Norwegian progressive metal band

Spiral Architect is a Norwegian progressive metal band from Oslo. The group formed in 1993 and recorded one demo and one full-length album, A Sceptic's Universe, as well as a cover of Fates Warning's "A Prelude to Ruin" for the tribute album Through Different Eyes – A Tribute to Fates Warning. Since that time, the various group's members have moved on to other bands and musical projects.
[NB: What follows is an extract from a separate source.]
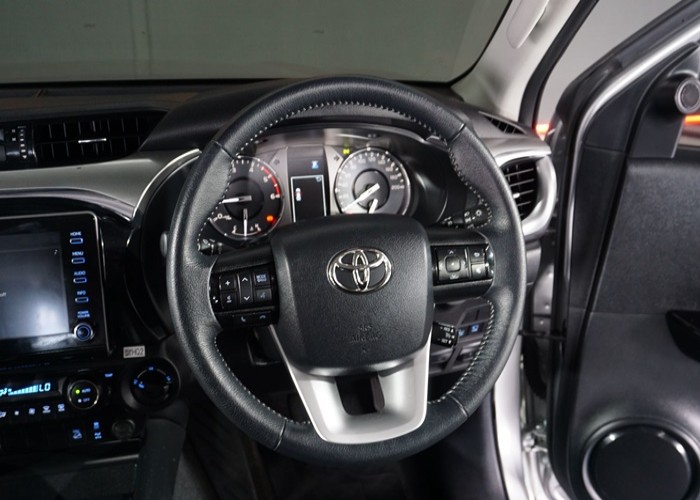 Used 7
                    TOYOTA
                     for Sale Image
Even though the group got together for a couple of songwriting sessions, a second album has never materialized.

== Band members ==
=== Members ===
- Øyvind Hægeland − vocals, backing vocals, keyboards
- Steinar Gundersen − lead, rhythm and acoustic guitars
- Lars K. Norberg − bass, programming
- Asgeir Mickelson − drums

=== Former members ===
- Andreas Jonsson − rhythm guitar
- Kaj Gornitzka − rhythm guitar, backing vocals
- Leif Knashaug − vocals

== Discography ==
- Spiral Architect (demo) (1995)
- A Sceptic's Universe (2000)

== Band name ==
In a 2005 post on the band's Ultimate Metal forum by co-founding member Lars K. Norberg, the band name is unrelated to the Black Sabbath song of the same title from their 1973 album Sabbath Bloody Sabbath. Although Norberg claims Black Sabbath is "probably my favourite band ever", according to Norberg the name "reflects the 'spirit' of the band, musically as well as ideologically".